YOUR TASK
Please restate word for word the lines of the entries below from the one with "Kindig Antiques entered" to the one with "Large bouquet of", inclusive, and leave out every picture.
===== THE RECORDS =====
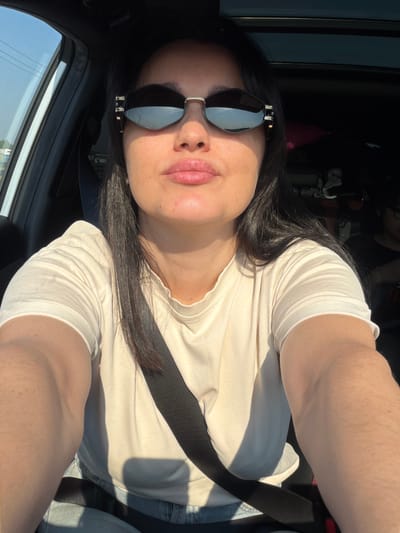 A woman, with long dark hair and sunglasses, takes a selfie while sitting in the driver's seat of a car. She is wearing a light-colored t-shirt and a seatbelt. The sun is shining brightly, casting shadows on her face and arm. The interior of the car is dark, with the sunroof open. A person is visible in the passenger seat in the background. The image does not provide enough information to determine the location within the city of Bolshiye Dvory, Russia.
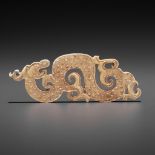 A SMALL JADE PENDANT DEPICTING A COILED DRAGON, EASTERN ZHOU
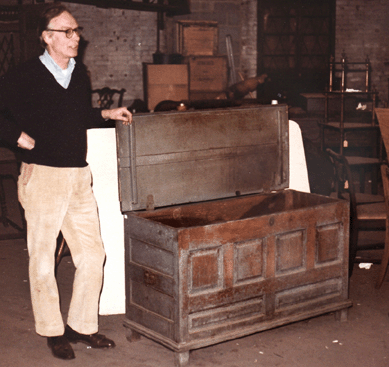 Kindig Antiques entered the Great Depression with liquid funds and low overhead, enabling the firm to buy well and accumulate a large, diverse inventory. In this circa 1980 photograph taken at the Kindig warehouse, Joe Kindig III shows a New Jersey blanket chest.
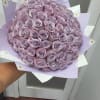 Large bouquet of lavender roses wrapped in pastel paper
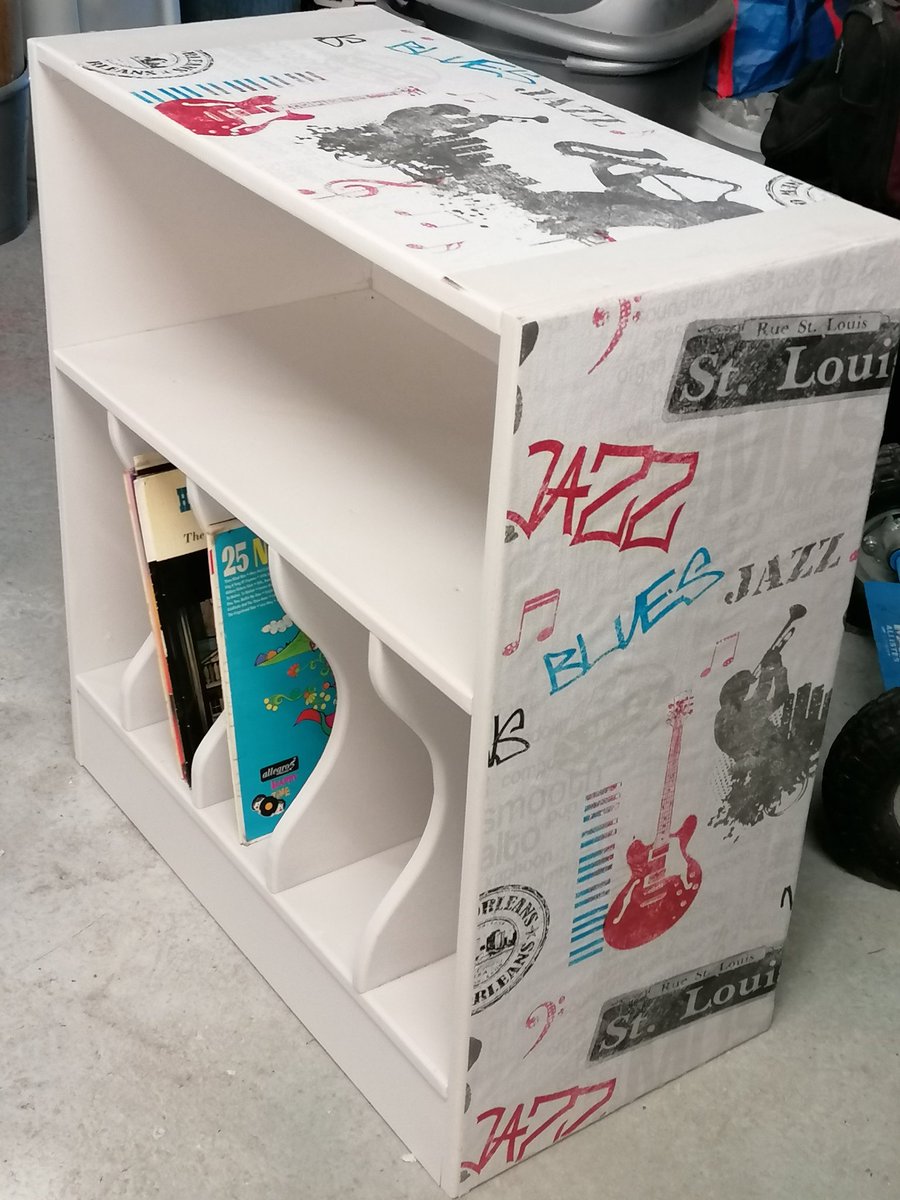 When this two door record storage cabinet came in I didn't hold out much hope for it, but structure was good, so I took the doors off, painted it and found the perfect wallpaper to decoupage it.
=====
SOLUTION
 Kindig Antiques entered the Great Depression with liquid funds and low overhead, enabling the firm to buy well and accumulate a large, diverse inventory. In this circa 1980 photograph taken at the Kindig warehouse, Joe Kindig III shows a New Jersey blanket chest.
 Large bouquet of lavender roses wrapped in pastel paper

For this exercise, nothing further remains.